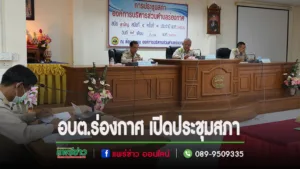 องค์การบริหารส่วนตำบลร่องกาศ เปิดประชุมสภา สมัยสามัญ สมัยที่ 4 ครั้งที่ 1 ประจำปี พ.ศ. 2566
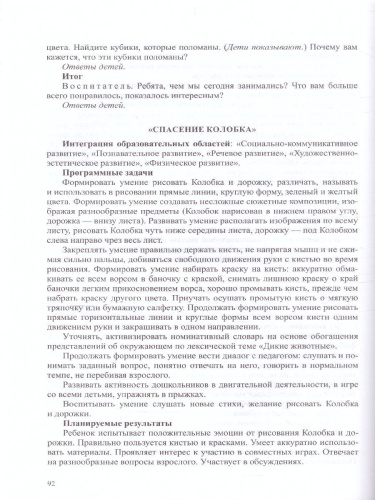 Рисование, лепка, аппликация с детьми младшего дошкольного возраста с ТНР для детей 3-4 лет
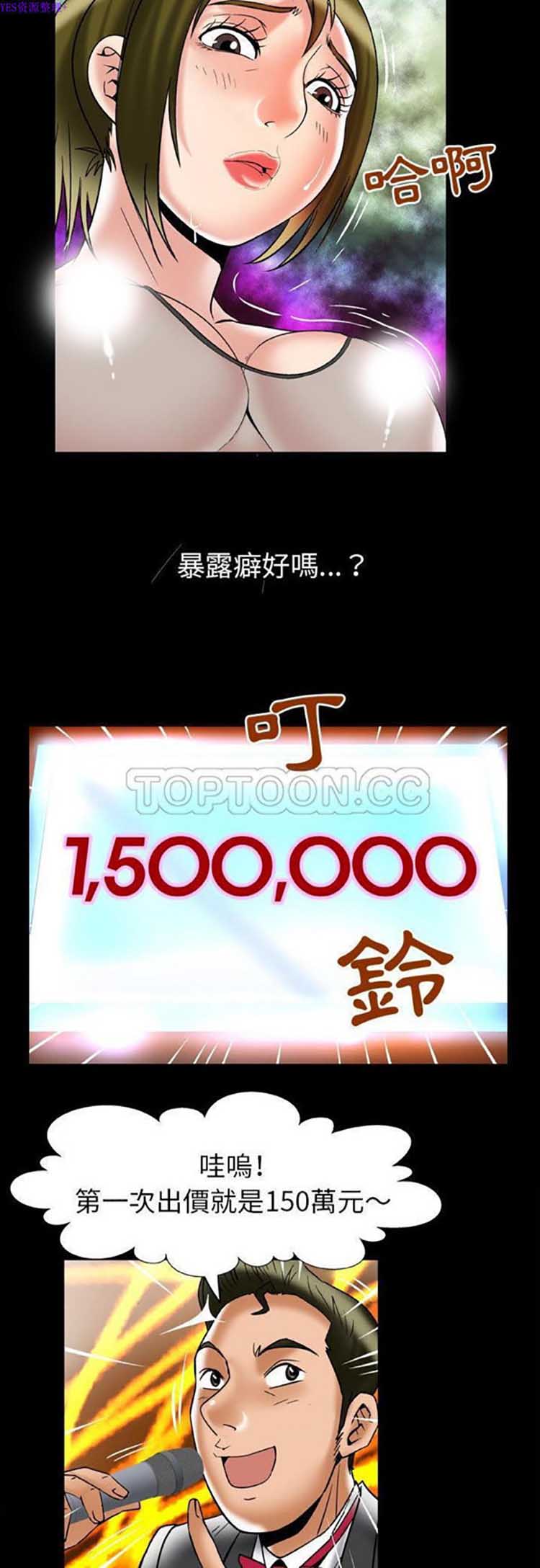 第69话 - 第17.jpg页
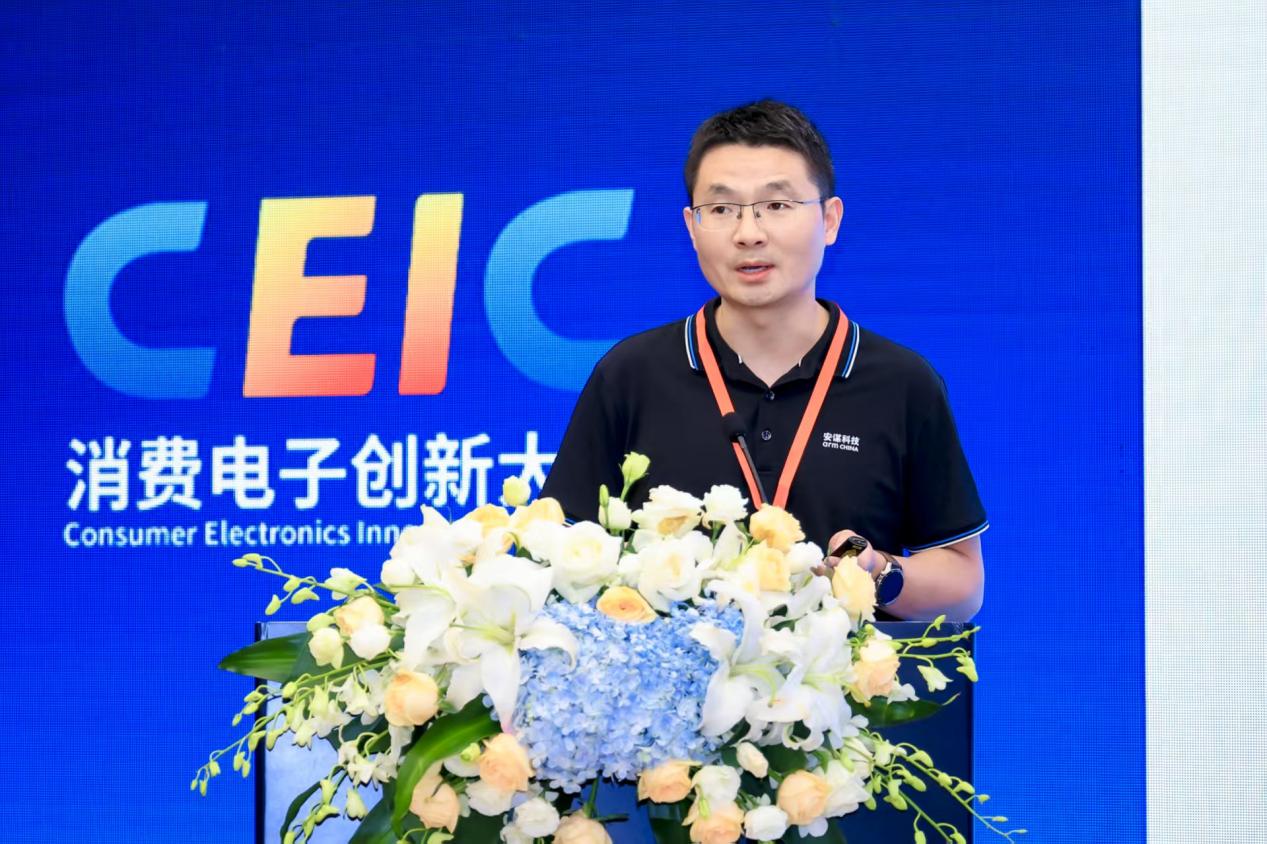 跨界协同共建生态，聚力筑基物理智能｜2026消费电子创新大会具身智能产业论坛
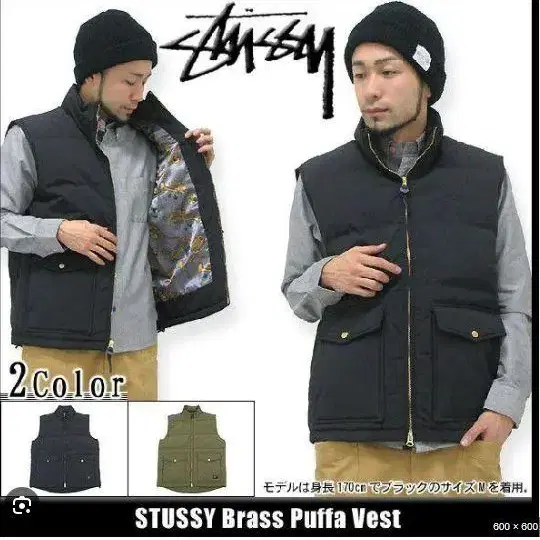 stussy 패딩 조끼 M사이즈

=-=-=

The task: Repeat the full listing above exactly, with no pictures in the copy.

Solution:
 องค์การบริหารส่วนตำบลร่องกาศ เปิดประชุมสภา สมัยสามัญ สมัยที่ 4 ครั้งที่ 1 ประจำปี พ.ศ. 2566
 Рисование, лепка, аппликация с детьми младшего дошкольного возраста с ТНР для детей 3-4 лет
 第69话 - 第17.jpg页
 跨界协同共建生态，聚力筑基物理智能｜2026消费电子创新大会具身智能产业论坛
 stussy 패딩 조끼 M사이즈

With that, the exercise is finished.